In this article, I will look at the relationship between Customer Service (CS) and Customer Experience (CX) to achieve a better Customer Outcome (CO). Better CO means a longer customer lifecycle.

CO = CS+CX

Closing the gap between customer service (CS) and customer experience (CX) will improve the customer outcome (CO). At the end of the day, it doesn't matter how great the service or experience is, If an organization is not delivering a uniform outcome to its customers, it's just a matter of time before they vamoose.

I dare say in most companies today, both CS and CX are controlled or facilitated primarily by different departments, i.e., the marketing department & customer service division. This is good and essential, however, to ensure a successful CO, responsibility must also fall with those departments whose job it is too grow and strengthen customer relationships, that being for example the sales department and account managers. I will refer to these individuals as part of the CO team.

With the right cross-collaboration in the right order a company is better equipped to collect relevant data at key touchpoints and put such data into action without obstruction. It makes involving the CO stakeholders into the mix critical because they are the closest to the customer and have the highest leverage on key CX metrics.

What are the results when you have organization cross-collaboration buy-in?
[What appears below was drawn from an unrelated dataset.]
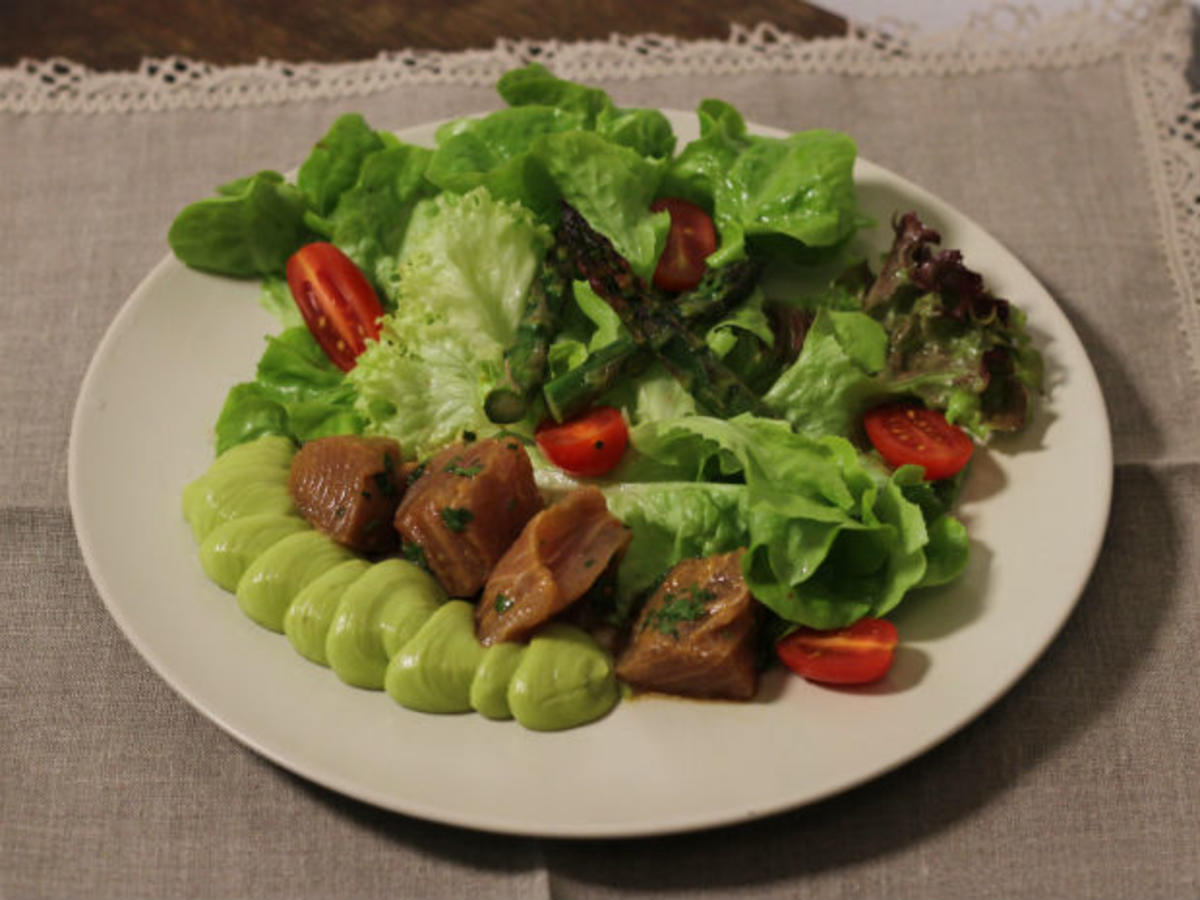 Marinierter Thunfisch mit Avocado und Salat - Rezept - kochbar.de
This article makes a pretty strong case

  • 10-times greater year-over-year increase in annual revenue
  • 55% greater customer retention rates
  • 23% decrease in year-over-year customer service costs
  • 292% greater employee engagement rates

Thus, reducing or eliminating the gap between CX and CS has a ton of downstream benefits for improving customer outcomes, such as: helping companies prioritize action steps, get prescriptive with customers, and deepen the relationship and thus life-cycle of its customers.

It's important that CX and CS do not get hamstrung as a purely departmental activity. To be successful today companies need clearly defined and accepted alignment across all relevant departments. Total buy-in, total collaboration from the ground to the corner office.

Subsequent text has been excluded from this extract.